Therefore, let's treat this purchasing experience kind of like a contact form on your website. Let's say with your contact form, the endpoint that might be hit to submit that data isn't going to be a private endpoint. It's going to be public because there's no user session to speak of. So in that way, the guest checkout experience is kind of like just submitting data through a contact form.

We're just accepting the fact that we're going to get some user info, like their email address and their name. And in this case, instead of a message in the contact form, we're going to get their credit card number, let's say. I think that's largely a public endpoint. But back to your question, what separates them? What's public and what's private?

I think of private endpoints as ones where, to start with, it's any kind of endpoint that would be hit when you build an application that should only be accessible by logged-in users. So when we want the user to have to be logged in to use it, basically it's like you want to prevent usage by random people. You want to be able to know who's using your thing.

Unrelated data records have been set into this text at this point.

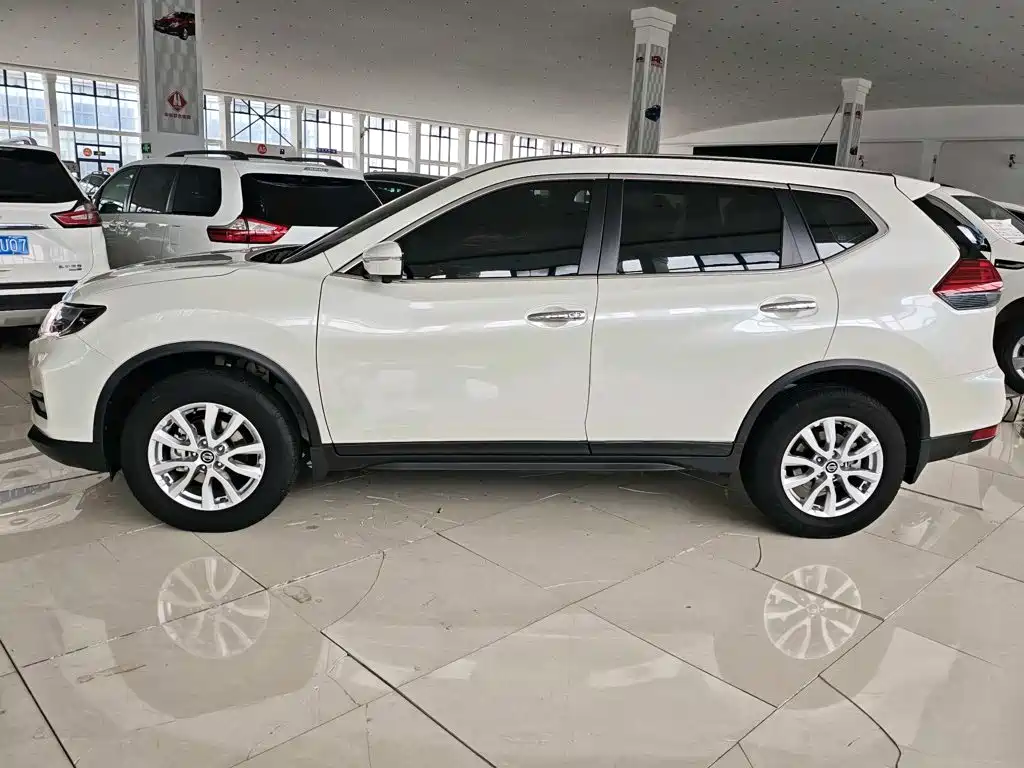 X-Trail 2023 Classic 2.0L 2WD Intelligent Link Premium Edition купить на сайте DeffCars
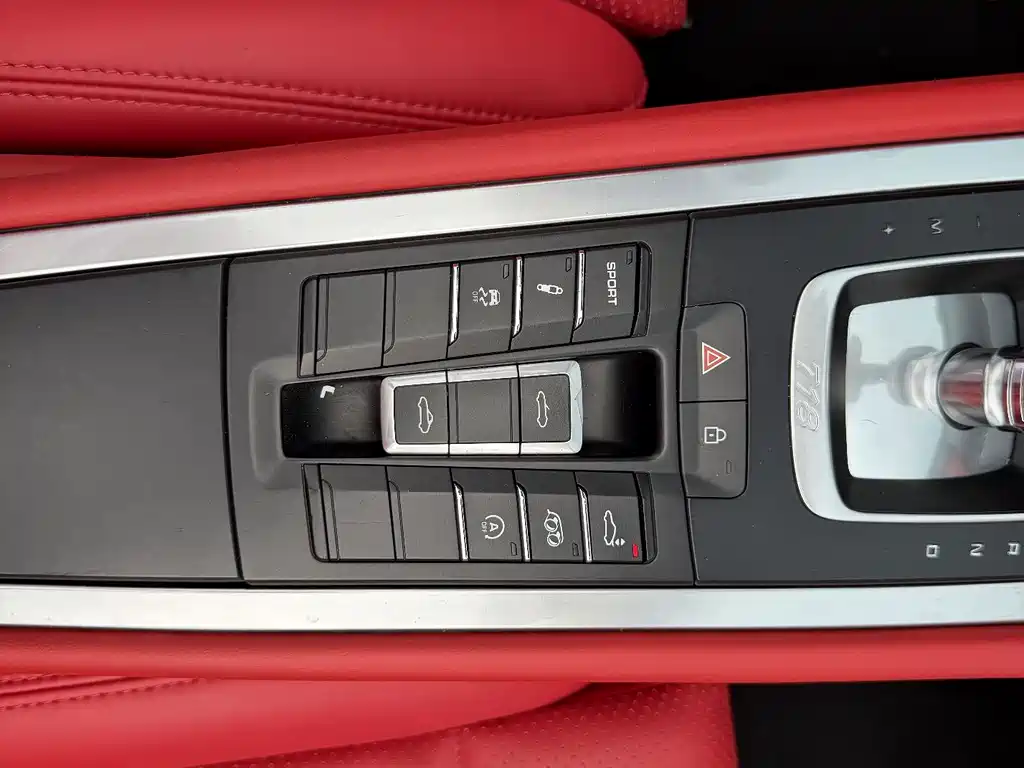 Porsche 718 Boxster 2.0T 2018 Model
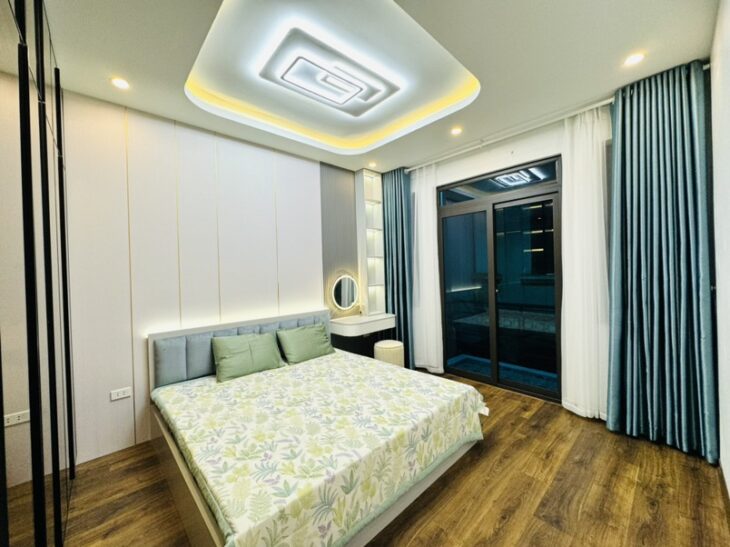 NHÀ ĐẸP THANH XUÂN – 35M2 – 7.7 TỶ – Ô TÔ VÀI CHỤC BƯỚC – GẦN HỒ THOÁNG MÁT – FULL NỘI THẤT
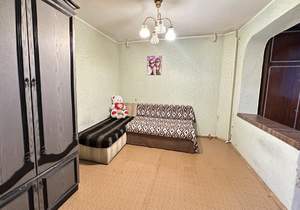 3-к квартира, вторичка, 53м2, 1/9 этаж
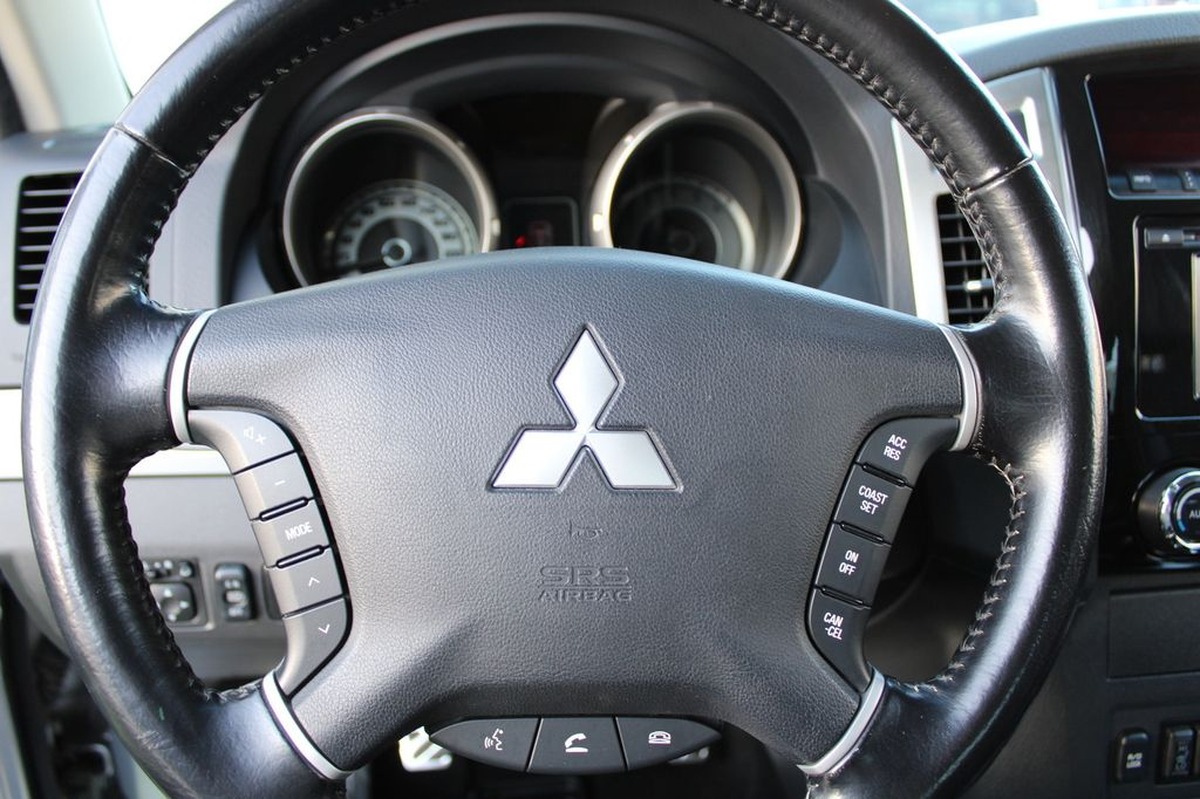 Mitsubishi Pajero 3.2 DI-D Intense *1.Main*Top*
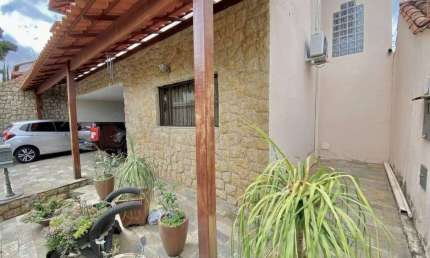 Casa - 04 qts. - 01 suíte - 03 banheiros - 04vg. - 220m² R$1.095.000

And something that gets kind of built in through that whole effect, that gets interwoven, is the fact that when you hit an endpoint as a logged-in user, a private endpoint, most often you're going to need to supply identity information about the user, like a user ID to say, when I make a mutation, save it with this user ID or whatever.

That's often going to need to be supplied along with your request. So you kind of have this interwoven fact of identity being part of the private experience. In cases where you don't care that the user is logged in, I think that's where you opt for the public thing, roughly speaking. I mean, that's a generalization, but that's kind of how I think about it.

00:21:52 - Christopher Burns

The reason we ask these security questions is because you've actually written your own course about security and React. Does it cover just the front end of security and React, or does it also cover the back end?

00:22:03 - Ryan Chenkie

Yeah, it goes into the full stack. It basically shows you how you would deal with security in the full-stack context and why, when we're thinking about security and auth within a React application, you really need to involve the full stack for it to make sense.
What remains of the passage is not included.